As you could probably tell from the above, independent workers (on account of their choppy payment flows) have a need for short-term credit solutions that can help to smooth out their cash flows; and we are seeing challenger (aka neobanks) rising to the occasion to attempt to help with this problem.

SpendMatters has been following the growth of one non-bank player, QWIL, since 2016. It states that it “empowers freelancers with instant cash, payment tracking and supports numerous funding methods.” And that it does, and does it well. Coincidentally, in May 2019, Drone Base started using QWIL “to automatically manage and pay the freelance drone pilots who use the DroneBase platform,” according to a TechTarget article.

QWIL and the new challenger and neobanks have begun to address this specific problem of on-time payments and short-term credit around freelancer invoicing and payments, et al. Now a new player has entered the fray to tackle the problem of longer term credit — in particular, mortgages, which are extremely difficult for independent/freelance workers to obtain.
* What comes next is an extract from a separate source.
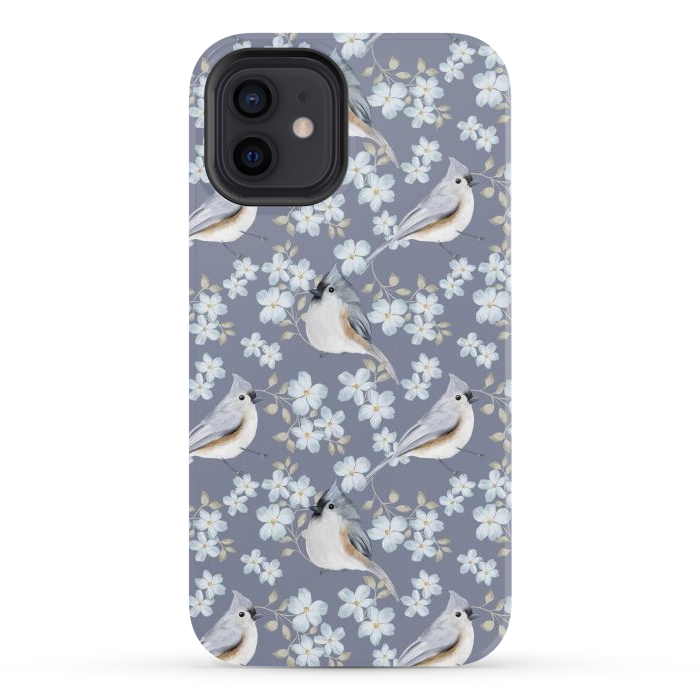 iPhone 12 StrongFit Tufted titmouse by Flowery Stories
According to an article published on media site, AltFI, London-based Tandem Bank “is working on a new mortgage aimed at freelancers and those in the gig economy” who, according to Tandem, are “particularly vulnerable to rejection and unfavourable rates as they often lack a clear, regular source of income to share with lenders.” Tandem is further quoted in the article, saying it is “developing a new method of credit scoring based on a customer’s aggregated financial data, effectively building a more rounded picture of how they borrow, spend and save” using its banking app.

But the bank is not yet taking applicants yet. Reportedly, once Tandem designs its new mortgage (which apparently is being done using crowdsourcing), it plans to beta with a small group of customers by the end of this year. A full launch in the UK is expected in 2020.

So that brings the September 2019 installment of the Contingent Workforce Insider’s Hot List to a close. We plan to be back with more in October. In the meantime, remember: When you’re hot you’re hot, when you’re not you’re not.